Puis, les deux jeunes filles prennent un destin complètement différent : Madeleine sera abandonnée par Marin Marais, elle accouchera d’un enfant mort-né. Elle finira par se suicider. Toinette, elle, finit mariée (dans le livre, on nous dit qu’elle a cinq enfants) et ne semble pas aussi tourmentée que son aînée.

Enfin, les deux filles ont un caractère différent, caractère montré aussi grâce au physique. Madeleine est brune, pâle, tout comme ses habits, et obéit à son père. Elle semble souvent triste, à l’image de Ste-Colombe, toujours vêtu de noir, pas remis du décès de sa femme. Elle est aussi très maigre. Toinette, elle, est une rouquine au caractère incendiaire aux formes généreuses. Ses vêtements ont toujours un couleur flamboyante. Elle n’hésite pas à séduire Marin Marais (dans le film, elle le drague, dans le livre, les deux couchent ensemble). Elle est également rebelle : par exemple, petite, elle se met dans une colère folle pour pouvoir jouer de la viole comme sa grande sœur. Son père lui fabriquera d’ailleurs une petite viole. Elle rappelle sa mère : pour une morte, elle semble vivante. Ste-Colombe, qui est pourtant en vie, semble au fond déjà mort.
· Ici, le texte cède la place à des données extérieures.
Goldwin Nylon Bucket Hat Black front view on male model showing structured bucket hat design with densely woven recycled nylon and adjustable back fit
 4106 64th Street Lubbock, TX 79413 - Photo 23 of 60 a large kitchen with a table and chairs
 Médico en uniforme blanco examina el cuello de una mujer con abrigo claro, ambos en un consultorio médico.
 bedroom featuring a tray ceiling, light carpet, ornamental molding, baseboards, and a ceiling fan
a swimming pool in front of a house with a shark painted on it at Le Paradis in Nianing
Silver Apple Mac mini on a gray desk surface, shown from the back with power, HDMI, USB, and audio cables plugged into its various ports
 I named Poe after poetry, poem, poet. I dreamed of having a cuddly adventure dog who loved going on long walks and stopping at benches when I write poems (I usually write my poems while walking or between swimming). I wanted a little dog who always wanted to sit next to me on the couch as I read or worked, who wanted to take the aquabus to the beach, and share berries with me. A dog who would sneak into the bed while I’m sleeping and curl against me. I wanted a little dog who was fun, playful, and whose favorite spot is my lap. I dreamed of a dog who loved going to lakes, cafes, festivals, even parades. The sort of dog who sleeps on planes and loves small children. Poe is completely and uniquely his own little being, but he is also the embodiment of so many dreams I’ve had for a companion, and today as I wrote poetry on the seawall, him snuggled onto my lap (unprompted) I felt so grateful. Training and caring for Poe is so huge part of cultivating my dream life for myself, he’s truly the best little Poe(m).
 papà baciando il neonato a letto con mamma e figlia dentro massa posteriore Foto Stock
3. Marin Marais : un point de vue différent entre le livre et le film

Le film semble donner plus d’humanité à Marin Marais. A travers ce point de vue, Corneau s’est permis de faire une des seules infidélités au roman. En effet, le roman est raconté par un narrateur inconnu, à la troisième personne. Dans le film, l’histoire est racontée du point de vue de Marais vieux, à la première personne, qui fait le point sur sa vie. Du coup, on peut voir beaucoup plus de distance dans le roman, et on ne sait pas toujours ce que pensent les personnages. Dans le film, cela permet à Marin Marais de regretter encore plus ses actes. La célèbre phrase du film « Tous les matins du monde sont sans retour » sonne complètement différemment en changeant de point de vue. Cette citation se situe après le suicide de Madeleine. Comment reprendre la vie comme elle était avant ? Est-ce vraiment possible ? Il y a dans cette phrase de l’amertume. Après tous ces évènements tragiques, cette phrase sort de la bouche de Marin Marrais comme un aveu et un signe de regret et de culpabilité dans le film, ce qui est bien plus fort dans le livre. Dans le livre, cela semble être un simple constat de la vie.

Ce procédé de narration engage aussi un autre procédé, non présent dans l’oeuvre de Quignard : le flashback. En effet, le roman débute sur la vie de Ste-Colombe après le décès de son épouse. La narration est linéaire. Le film, lui, commence sur Marin Marais à la Cour, dépassé et vieux. Le générique filme en gros plan le visage empâté de Gérard Depardieu. Après avoir raconté sa jeunesse, le film se termine sur le vieux Marin Marais qui, pendant qu’il joue, voit le fantôme de Ste-Colombe.